TASK TO COMPLETE:
Could you copy exactly the lines below, beginning at the line with "X0000097970531200804071101" and stopping after the line with "Downy rattlesnake plantain", with no pictures?

MATERIAL SUPPLIED:
--------------------

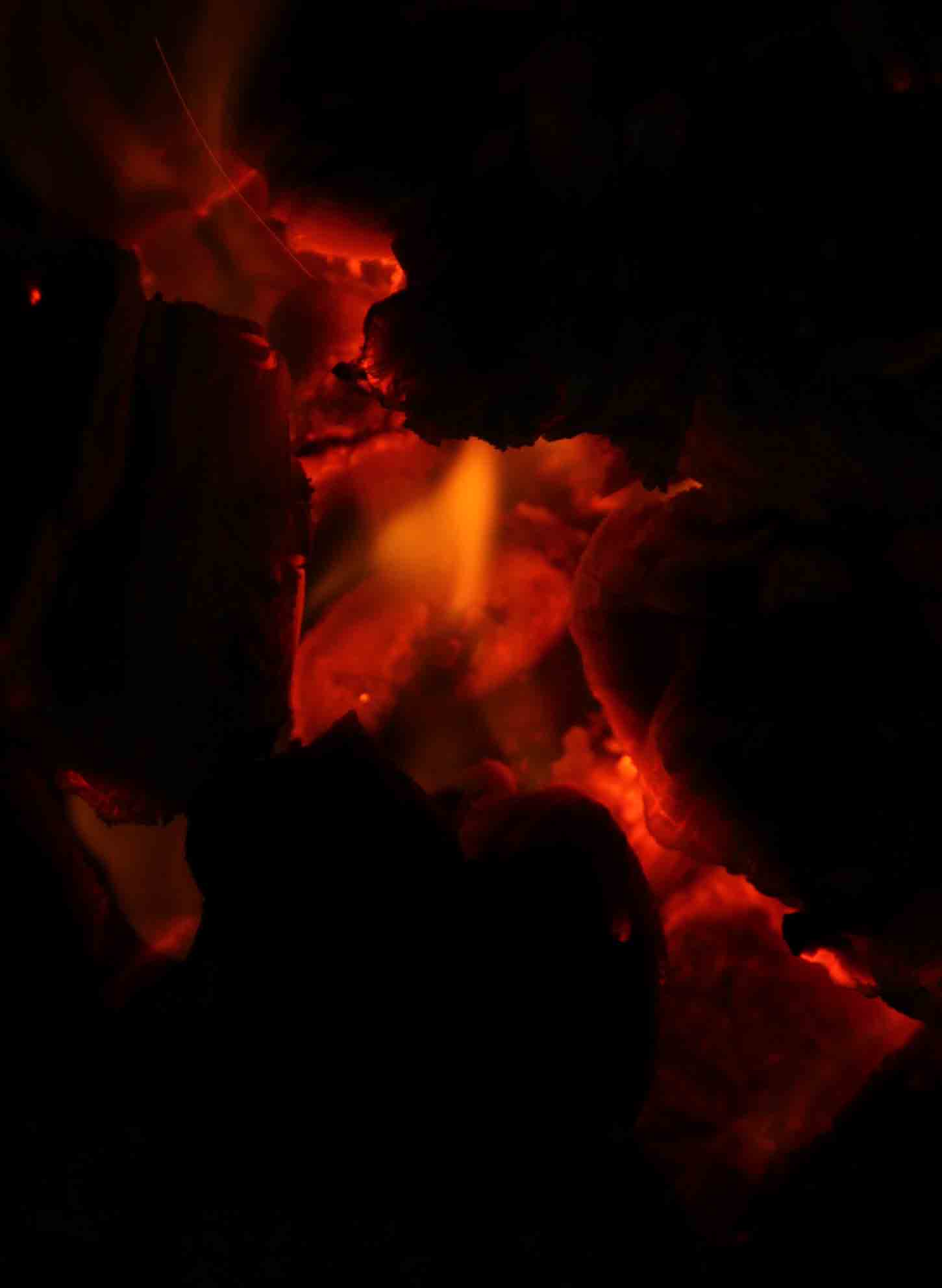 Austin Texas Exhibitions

--------------------

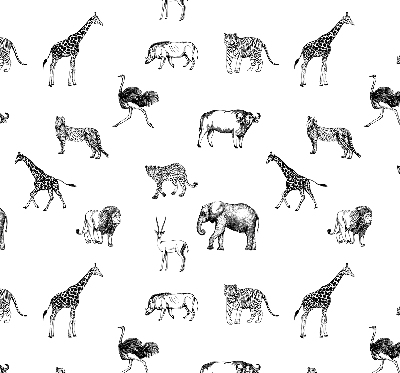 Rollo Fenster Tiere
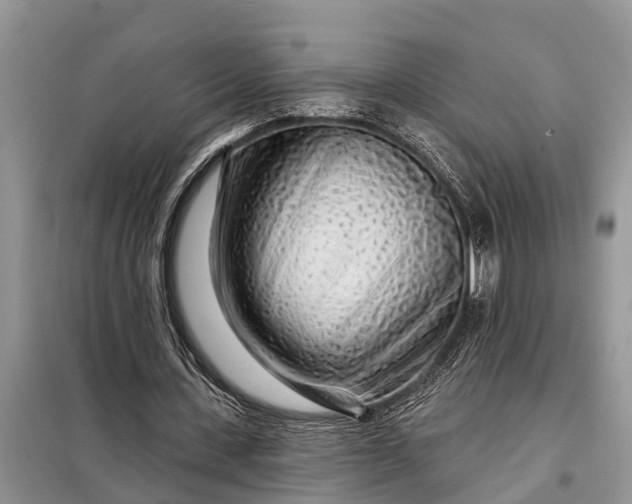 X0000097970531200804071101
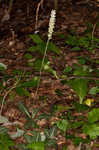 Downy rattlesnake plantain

--------------------

RESPONSE TO THE EXERCISE:
 X0000097970531200804071101
 Downy rattlesnake plantain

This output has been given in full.